# [Problem]
This exercise requires an exact copy of each line from the one containing "Every movie on" down to the last line below.

# [Input material]

--------------------------------

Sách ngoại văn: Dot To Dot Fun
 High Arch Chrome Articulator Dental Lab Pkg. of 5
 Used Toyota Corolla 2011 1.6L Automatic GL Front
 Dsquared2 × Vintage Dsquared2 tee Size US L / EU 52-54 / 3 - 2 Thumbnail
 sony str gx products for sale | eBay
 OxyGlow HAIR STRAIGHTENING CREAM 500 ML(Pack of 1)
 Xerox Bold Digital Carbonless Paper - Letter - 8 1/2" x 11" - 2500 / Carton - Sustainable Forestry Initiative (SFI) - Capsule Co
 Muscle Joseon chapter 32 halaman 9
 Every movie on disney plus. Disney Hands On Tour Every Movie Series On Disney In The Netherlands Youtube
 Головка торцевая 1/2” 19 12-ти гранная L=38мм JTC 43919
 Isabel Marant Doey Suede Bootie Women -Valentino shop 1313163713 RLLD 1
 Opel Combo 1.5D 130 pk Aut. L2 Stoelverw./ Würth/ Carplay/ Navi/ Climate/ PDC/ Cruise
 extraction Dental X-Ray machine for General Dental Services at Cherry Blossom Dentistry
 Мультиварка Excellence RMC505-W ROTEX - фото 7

--------------------------------

# [Solution to the problem]
 Every movie on disney plus. Disney Hands On Tour Every Movie Series On Disney In The Netherlands Youtube
 Головка торцевая 1/2” 19 12-ти гранная L=38мм JTC 43919
 Isabel Marant Doey Suede Bootie Women -Valentino shop 1313163713 RLLD 1
 Opel Combo 1.5D 130 pk Aut. L2 Stoelverw./ Würth/ Carplay/ Navi/ Climate/ PDC/ Cruise
 extraction Dental X-Ray machine for General Dental Services at Cherry Blossom Dentistry
 Мультиварка Excellence RMC505-W ROTEX - фото 7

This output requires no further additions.